• _Information given_:

--------------------------------

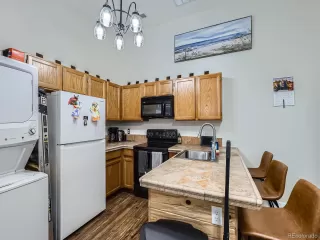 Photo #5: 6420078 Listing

--------------------------------

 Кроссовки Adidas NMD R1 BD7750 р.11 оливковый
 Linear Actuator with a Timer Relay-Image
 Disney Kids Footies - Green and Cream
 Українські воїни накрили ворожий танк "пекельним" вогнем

--------------------------------

Your task is to transcribe, with no changes, only the lines of the listing above that lie between the line holding "Кроссовки Adidas NMD" and the line holding "Українські воїни накрили", inclusive.

 Кроссовки Adidas NMD R1 BD7750 р.11 оливковый
 Linear Actuator with a Timer Relay-Image
 Disney Kids Footies - Green and Cream
 Українські воїни накрили ворожий танк "пекельним" вогнем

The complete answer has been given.